JSON Structured Generation

Outlines guarantees that the LLM will return a valid JSON object, which we can specify as a Pydantic model.

We will need two Pydantic models for SimToM, one for each prompt:

from pydantic import BaseModel, Field
from typing import List


class PerspectiveTaking(BaseModel):
    """This is for the first prompt."""
    character: str = Field(description="The character we extract the events for.")
    events: List[str] = Field(description="All events that the character knows about.")

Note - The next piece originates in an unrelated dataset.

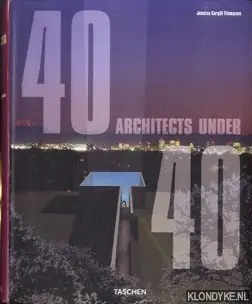 40 architects under 40 - Jessica Cargill Thompson Beperkte Voorraad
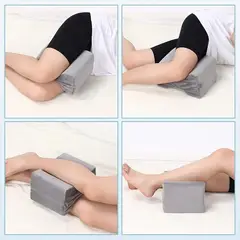 GENERICO - Cojin Ergonomico Para Rodillas Gris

class Simulation(BaseModel):
    """This is for the second prompt."""
    answer: str

Calling an LLM

Let's try SimToM with an example from the ToMI dataset:

story = """
1 Aria entered the front_yard.
2 Aiden entered the front_yard.
3 The grapefruit is in the green_bucket.
4 Aria moved the grapefruit to the blue_container.
5 Aiden exited the front_yard.
6 Noah entered the playroom.
"""
question = "7 Where was the grapefruit at the beginning?"
character = "Aria"

We load Mistral-7B-Instruct-v0.3, create the prompt using the template we defined earlier, and generate a structured response. As a reminder, the goal of the first call is to get all the events a character, Aria, knows about.

# Load an LLM from Hugging Face
MODEL_NAME = "mistral-community/Mistral-7B-Instruct-v0.3"
model = outlines.models.transformers(MODEL_NAME, device="cuda")

perspective_prompt = perspective_taking(story=story, character=character)

# Call Mistral 7B with the first prompt
generator = outlines.generate.json(model, PerspectiveTaking)
perspective = generator(perspective_prompt)

print(perspective.model_dump())
# {'character': 'Aria', 'events': ['1 Aria entered the front_yard.', '3 The grapefruit is in the green_bucket.', '4 Aria moved the grapefruit to the blue_container.']}

Not bad! We will now generate the second prompt with those events.

sim_prompt = simulation(events=perspective.events, name=character, question=question)

# Call Mistral 7B with the second prompt
generator = outlines.generate.json(model, Simulation)
result = generator(sim_prompt)

print(result.model_dump())
# {'answer': 'green_bucket'}

And this is it! SimToM could be useful in agentic workflows, where agents must act based on what they know, not all available information. One caveat of SimToM is that the perspective-taking step may remove important information, leading to wrong results. As the authors note in their paper, it can feature as a simple and effective baseline for evaluating LLMs on Theory of Mind reasoning tasks.